It's not rocket science (although...) and there are a lot of analogies with linear motion.

Re "pretty much lost": come on. They tell you 1200 rpm linearly goes to 0 rpm in 100 s. What would it be after 50 s ?
And you know how to convert rpm to angular speed. You have another useful equation and presto: there's your velocity. Acceleration is a bit more involved, but I'm not going to spoonfeed that until you have read up on the subject. Probably won't have to anymore then anyway. Good hunting!

 

[lukatwo]

Thanks, in the absence of an answer I've reread my notes, and managed to solve the problem. I've had to put everything in it's place in my head(all the different accelerations, and velocities). English is obviously not my mother language so I probably got the terminology part wrong.

 

[BvU]

Still glad you could work your own way through this!

 

[HalfLostAndSearching]

I would recommend breaking down the problem into smaller components and using the equations provided to solve for each one individually.

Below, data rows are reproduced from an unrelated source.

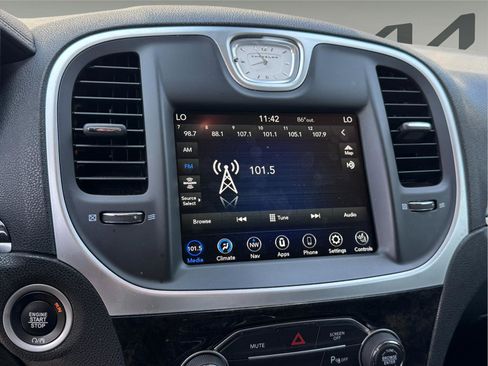 Used 2022 Chrysler 300 Touring L w/ Comfort Group image 15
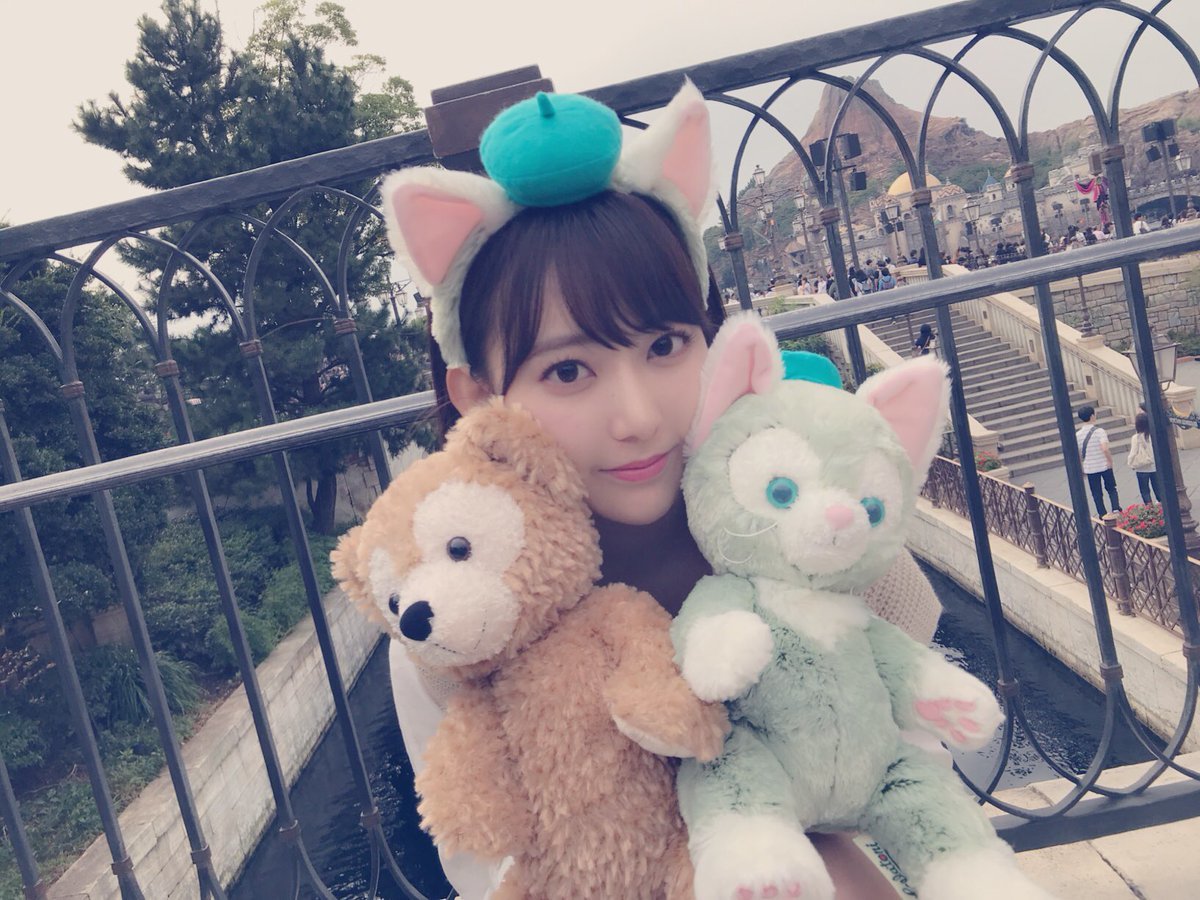 HKT48】宮脇咲良「昨日ディズニーシーに行って来ました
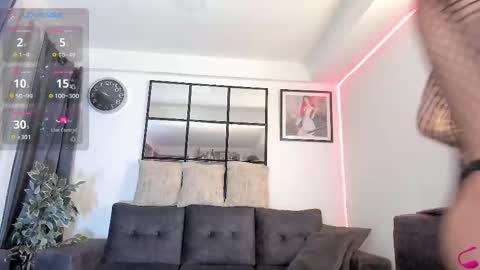 Snapshot of babyhorny_777 chatting on 11.15.25 babyhorny_777 online show from 11.15.25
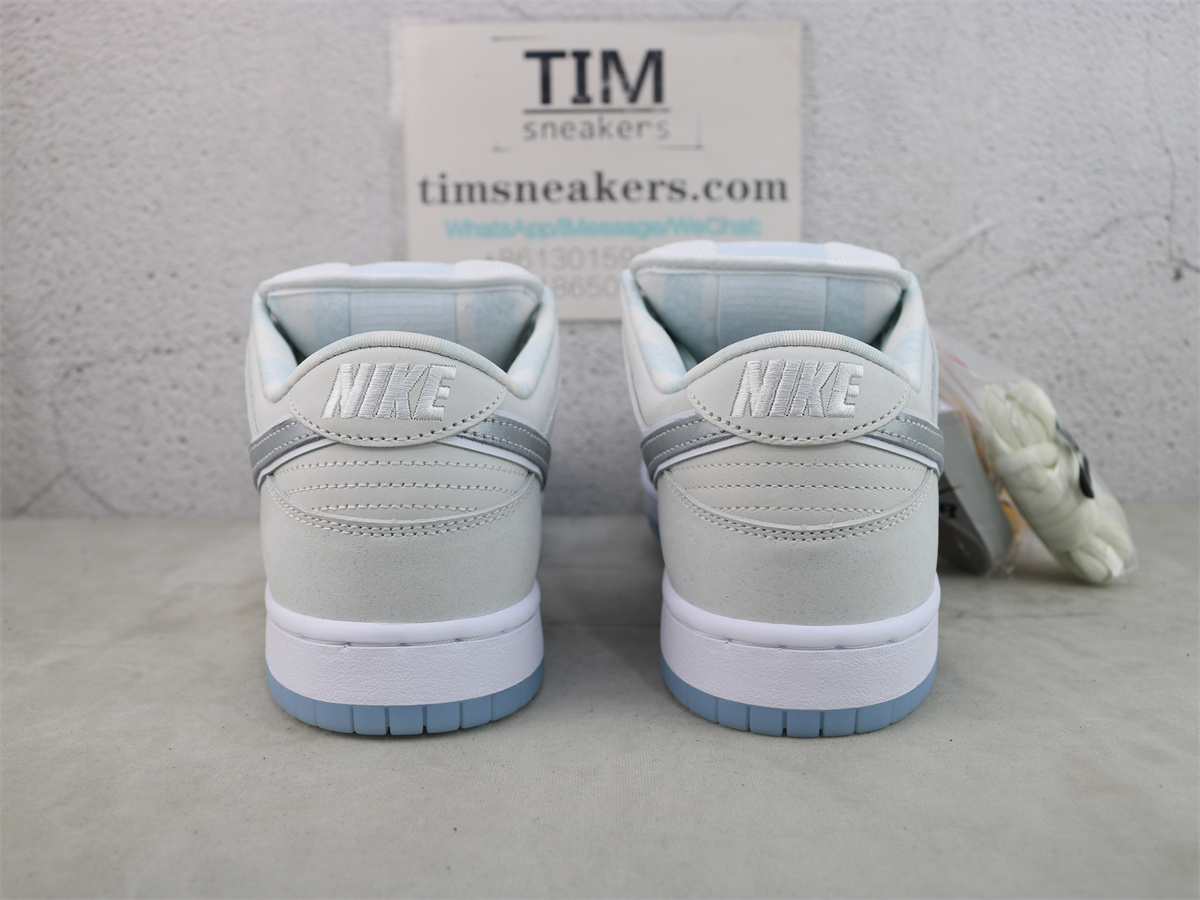 M Batch Concepts x Nike SB Dunk Low White Lobster FD8776 100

First, you can calculate the angular velocity (ω) using the given rotational speed (n). Then, you can use the equation v=ωr to determine the linear velocity (v) of the point 10cm from the center of mass. From there, you can use the given time (t) and the final linear velocity (v) to calculate the deceleration (a) using the equation a = (vf - vi)/t. Finally, you can use the equation a=ωα to solve for the angular acceleration (α).

It may also be helpful to draw a diagram to visualize the problem and the different components involved. Additionally, you can refer to your textbook or class notes for more information on rotational dynamics and the relationships between different velocities and accelerations in a spinning object.